Friday, July 11, 2014

The new Zinzanni show is electric!

The Zinzanni cast (photo Mike Hipple)
When Sparks Fly
Through September 21, 2014

There is something electric going on at Teatro Zinzanni. Their new show, When Sparks Fly, is fun and fresh. It is definitely going to give a lift to those who have been to the amazing spiegeltent before. In fact, it’s magic!

The theme feels a bit like fusion from Rocky Horror Picture Show and Franken-lite. The Master (Voronin) conjures up a love for himself while the rest of his ensemble find love themselves. But first, as you get seated, The Accordion Player (Sergey Krutikov) serenades you, sometimes with violinist Tom Dziekonski. They make beautiful music together, and the sound is sent through the p.a. system, so you can sit anywhere in the tent and hear them.

Of course, anyone who has never gone to any of their shows will find themselves amazed and delighted. I’ve hoped that returnees could find just as good a time, going for fourth or fifth times. This iteration does have more of a surprising and delightful feel to it. Part of that is the inclusion of illusions that are definitely top-notch skull scratchers.

Kristin Clayton is garbed like Bride of Frankenstein and has a glorious operatic voice. Since she isn’t saddled with the old, more rigid, format of needing to be Madame Zinzanni, she can sing a song whenever she damn pleases, and sounds marvelous.

Joe De Paul starts out life in this sketch as a puppy-turned-man. He still does his classic reenactment of King Kong, which is hysterical if you’ve never seen it, and cute if you have.

Duo Madrona, that married trapeze act, still stuns, no matter how many times you see them. Rachel Nehmer plays a visiting Gates Foundation researcher, and Ben Wendel gets totally disguised as Junior Monster, maybe the Bride and Monster’s son? But their act is breathtaking, no matter how well they inhabit their sketch roles, which is very well indeed.

The cool factor of the evening is the magic. Maestro conjures himself a lover from puppet parts and Svetlana appears. And disappears. And appears again. The tent feels so intimate that it really becomes a “how did they do that” moment. It is understated and integrated into the storyline gracefully. It is not like anything I have seen as Zinzanni, and if this is the new direction, I’d love to see lots more.
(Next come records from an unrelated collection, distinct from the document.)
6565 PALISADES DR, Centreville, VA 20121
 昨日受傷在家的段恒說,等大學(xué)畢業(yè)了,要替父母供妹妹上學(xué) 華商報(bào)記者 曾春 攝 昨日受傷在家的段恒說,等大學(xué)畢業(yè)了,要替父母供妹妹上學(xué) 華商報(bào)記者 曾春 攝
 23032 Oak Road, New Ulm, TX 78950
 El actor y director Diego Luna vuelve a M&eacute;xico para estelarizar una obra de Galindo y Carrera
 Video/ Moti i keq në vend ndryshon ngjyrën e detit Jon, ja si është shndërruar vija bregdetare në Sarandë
Additional players are Elena Gatilova, Dreya Weber and Domitil Aillot. The live band always pleases, under the musical direction of Hans Teuber.

The food offerings seem a little more interesting, also, though the well-cooked halibut dish was woefully under seasoned. The wine flight was lighter this time, with many whites included, making it a refreshing change, as well. The pre-dinner Prosecco was buoyant. Regarding spicing, maybe the chef can consider two levels of choices: Punch and…. Judy? And patrons who like a little more height to their flavor could request and receive that.